Deciphering AI Intelligence: The Quest for Human-Level Metrics

Artificial intelligence has advanced significantly, yet there remains a crucial challenge: accurately testing for human-like intelligence in AI systems. Recent initiatives by leading AI players, such as Scale AI and the Center for AI Safety, have spotlighted this issue by launching “Humanity’s Last Exam.” This initiative invites the public to devise questions that probe the capacities of large language models (LLMs) like Google Gemini and OpenAI’s o1. The goal is to pinpoint how closely these AI systems approach “expert-level AI systems,” through what’s being touted as the largest coalition of experts in history

Current AI models excel in narrow domains like law and mathematics, suggesting they possess advanced intelligence. However, there’s a concern that these systems might not truly understand content but rather recall pre-learned answers from their vast training data, which encompasses a significant portion of the internet. As AI continues to consume and learn from this expansive dataset, a future where AI has “read” everything ever written seems imminent, possibly by 2028.

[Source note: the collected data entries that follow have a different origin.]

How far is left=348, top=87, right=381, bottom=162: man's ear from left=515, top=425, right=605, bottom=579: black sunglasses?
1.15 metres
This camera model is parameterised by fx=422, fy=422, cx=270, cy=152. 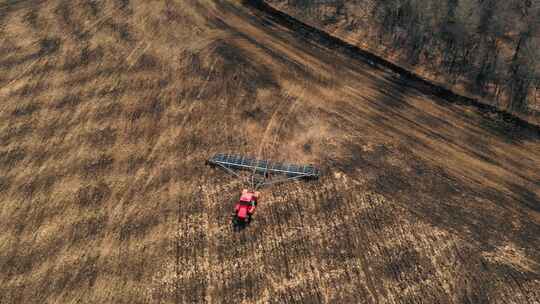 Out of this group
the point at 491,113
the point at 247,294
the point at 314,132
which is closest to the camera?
the point at 247,294

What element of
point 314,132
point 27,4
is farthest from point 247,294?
point 27,4

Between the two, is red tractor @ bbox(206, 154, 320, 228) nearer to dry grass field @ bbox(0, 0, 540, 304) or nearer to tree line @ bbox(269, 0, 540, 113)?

One emerging challenge is the potential for “model collapse,” where the increasing proliferation of AI-generated content online could degrade the quality of AI training data over time. This might necessitate new strategies, such as integrating real-world experiences similar to how Tesla uses real-world driving data to train its AI. Additionally, experts are exploring ways to use human-centric data from devices like Meta’s smart glasses to enhance AI training.

Despite these efforts, defining and measuring intelligence, especially artificial general intelligence (AGI) that matches or exceeds human capabilities, remains complex. Traditional IQ tests have been criticized for not capturing the full spectrum of human intelligence, and similarly, existing AI benchmarks may be too narrow or task-specific. For instance, the chess-playing AI Stockfish excels at chess to a degree far beyond any human but cannot comprehend language or perform other intellectual tasks, highlighting the need for more comprehensive measures of AI capabilities.

New approaches are being developed to better assess AI intelligence. One promising direction is the “abstraction and reasoning corpus” (ARC), which tests AI’s ability to infer and apply abstract rules in novel scenarios, offering a more robust measure of genuine intelligence. However, even with such innovative approaches, the journey to truly understand and measure AI intelligence continues, marked by both technological advances and philosophical inquiries.